SUPPLIED MATERIAL:

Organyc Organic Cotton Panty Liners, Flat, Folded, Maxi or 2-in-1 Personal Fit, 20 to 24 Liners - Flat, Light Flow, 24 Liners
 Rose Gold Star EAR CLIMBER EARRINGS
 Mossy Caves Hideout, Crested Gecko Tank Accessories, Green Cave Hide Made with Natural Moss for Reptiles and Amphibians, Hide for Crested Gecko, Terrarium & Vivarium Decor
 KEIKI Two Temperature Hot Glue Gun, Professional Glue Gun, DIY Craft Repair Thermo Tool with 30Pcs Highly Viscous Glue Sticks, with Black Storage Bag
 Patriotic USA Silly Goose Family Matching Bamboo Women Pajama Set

--

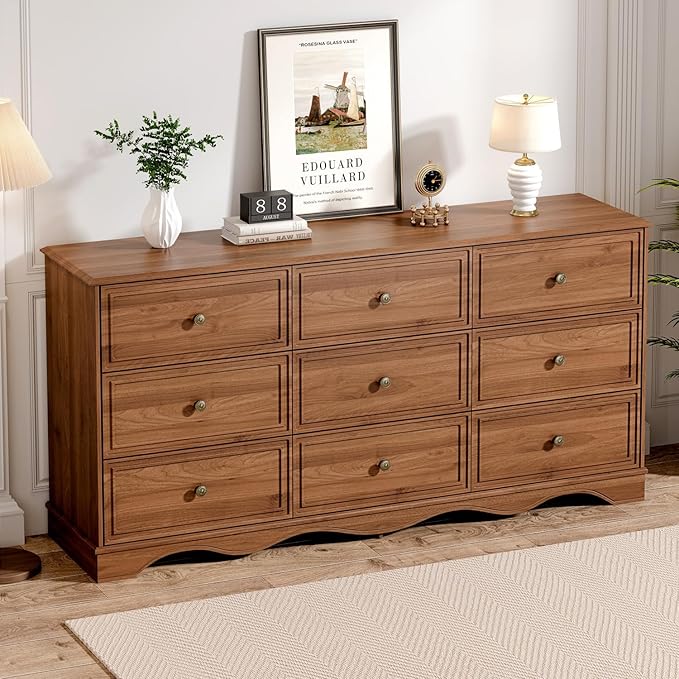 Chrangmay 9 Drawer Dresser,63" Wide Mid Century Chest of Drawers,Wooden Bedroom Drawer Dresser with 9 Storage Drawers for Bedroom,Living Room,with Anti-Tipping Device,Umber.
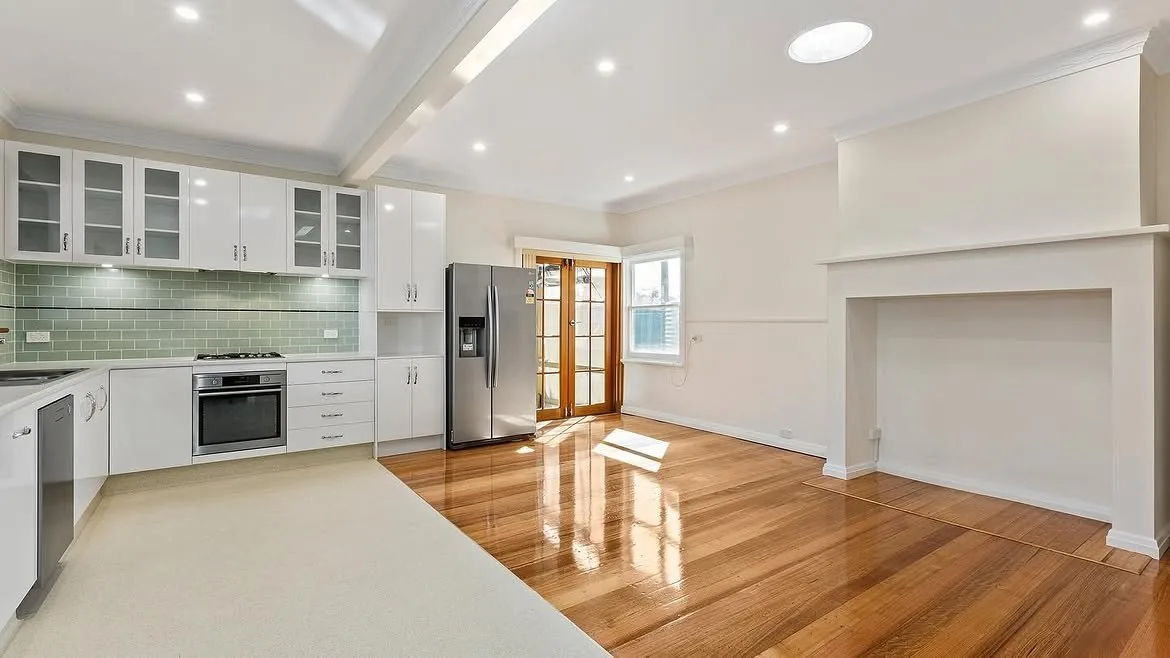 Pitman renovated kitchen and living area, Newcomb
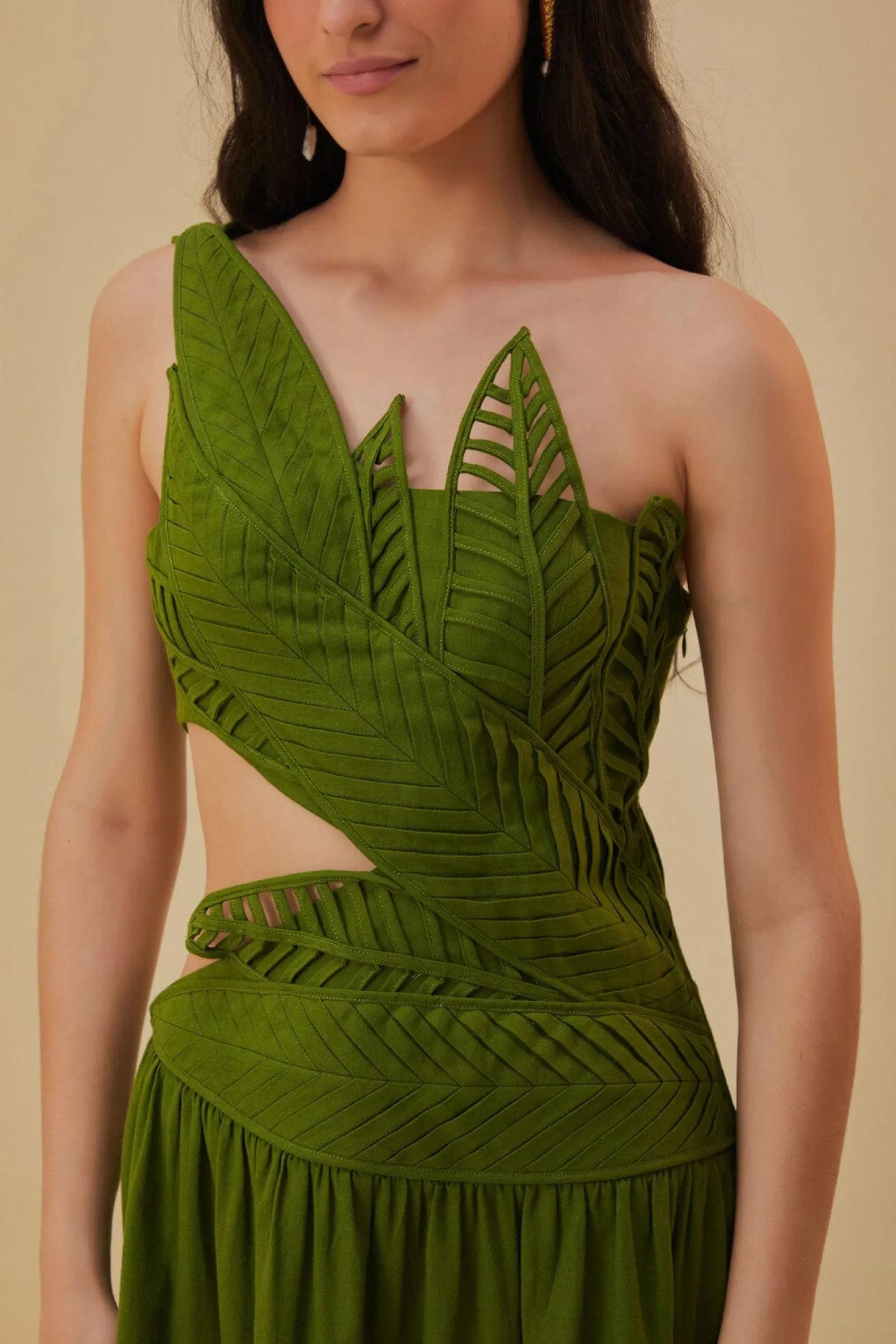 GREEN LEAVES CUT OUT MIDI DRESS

* * *

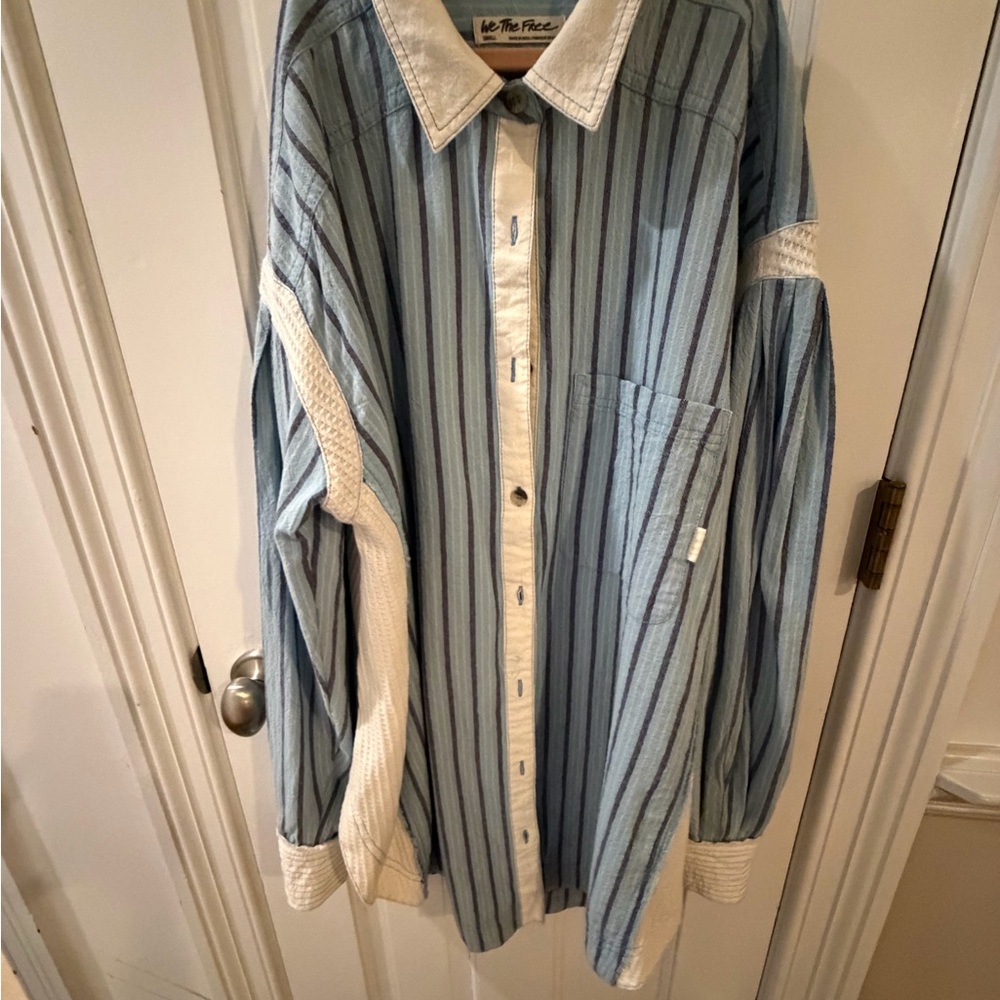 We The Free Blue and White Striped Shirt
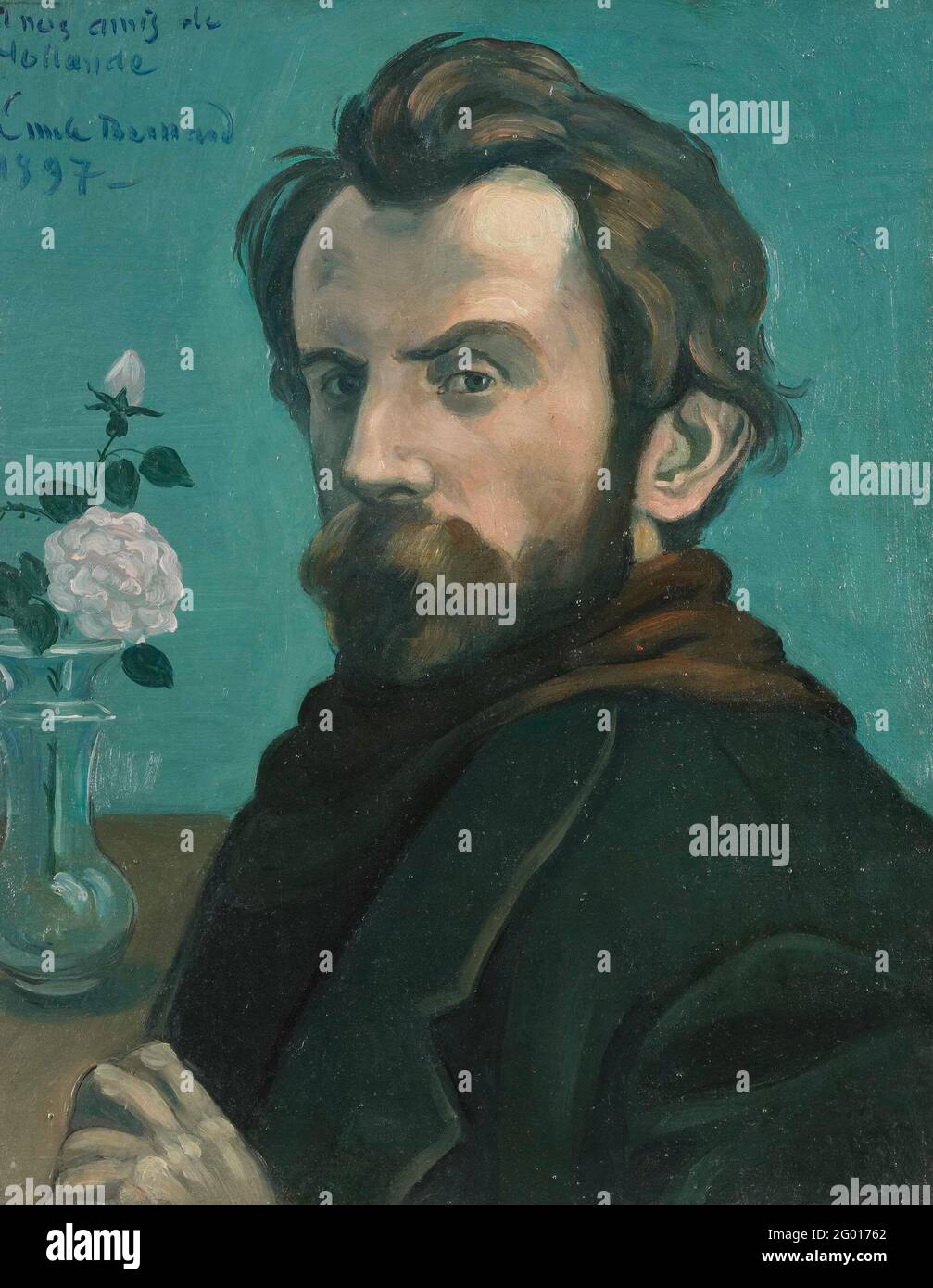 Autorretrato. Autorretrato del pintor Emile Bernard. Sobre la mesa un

TASK INSTRUCTIONS: All lines above starting at the one with "Pitman renovated kitchen" and ending at the one with "GREEN LEAVES CUT OUT MIDI DRESS", inclusive, are to be printed again exactly, with the pictures left out.

RESULT BELOW:
 Pitman renovated kitchen and living area, Newcomb
 GREEN LEAVES CUT OUT MIDI DRESS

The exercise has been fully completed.